Problem details: The records below hold a stretch from the line with "Immagine 5 di" through the line with "Elite 3BHK 100 Mbps- 19th Floor for Family"; return exactly those lines, ends included, and nothing more.

____ Records shown

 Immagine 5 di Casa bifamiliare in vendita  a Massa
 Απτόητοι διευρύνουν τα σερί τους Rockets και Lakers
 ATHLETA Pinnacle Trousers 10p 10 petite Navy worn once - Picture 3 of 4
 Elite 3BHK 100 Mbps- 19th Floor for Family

________
____ Records shown

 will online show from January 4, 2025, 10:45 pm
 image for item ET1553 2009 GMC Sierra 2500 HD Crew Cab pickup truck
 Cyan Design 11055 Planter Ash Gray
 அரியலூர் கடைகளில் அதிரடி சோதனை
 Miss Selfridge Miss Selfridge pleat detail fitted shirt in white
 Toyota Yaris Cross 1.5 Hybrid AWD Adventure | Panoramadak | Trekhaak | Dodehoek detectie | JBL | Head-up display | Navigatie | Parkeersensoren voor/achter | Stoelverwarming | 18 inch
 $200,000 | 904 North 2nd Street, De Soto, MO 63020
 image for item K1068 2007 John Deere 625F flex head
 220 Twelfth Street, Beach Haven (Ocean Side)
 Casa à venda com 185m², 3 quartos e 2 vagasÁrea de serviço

________
____ Records shown

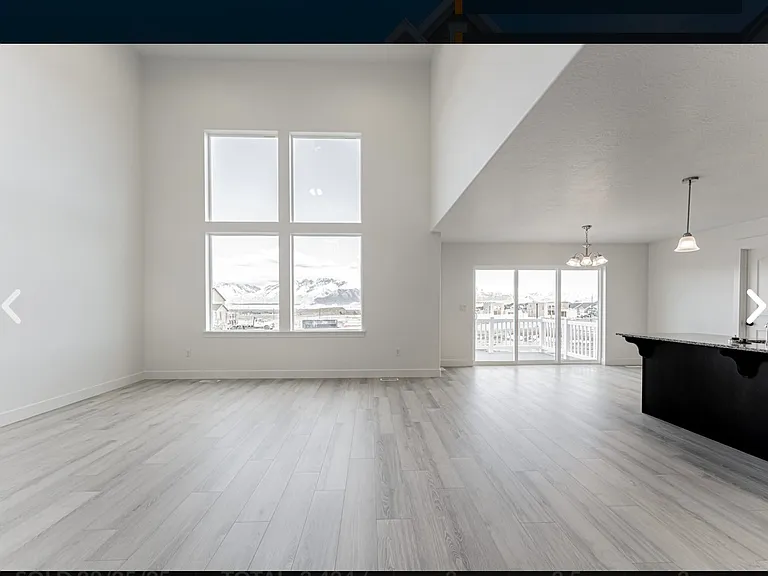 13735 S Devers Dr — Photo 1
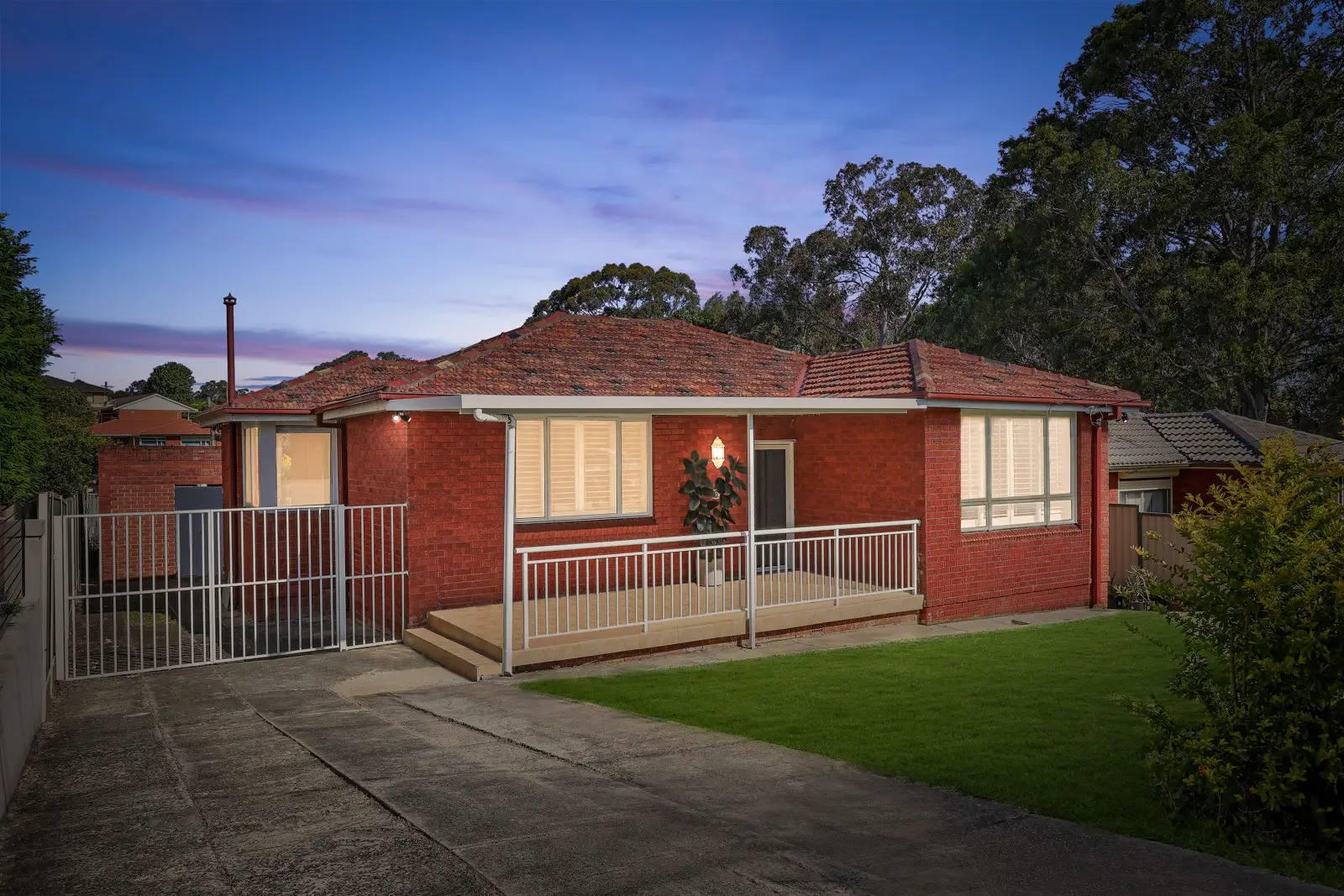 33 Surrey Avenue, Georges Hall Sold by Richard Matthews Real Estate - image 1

________

Task solution:
 Immagine 5 di Casa bifamiliare in vendita  a Massa
 Απτόητοι διευρύνουν τα σερί τους Rockets και Lakers
 ATHLETA Pinnacle Trousers 10p 10 petite Navy worn once - Picture 3 of 4
 Elite 3BHK 100 Mbps- 19th Floor for Family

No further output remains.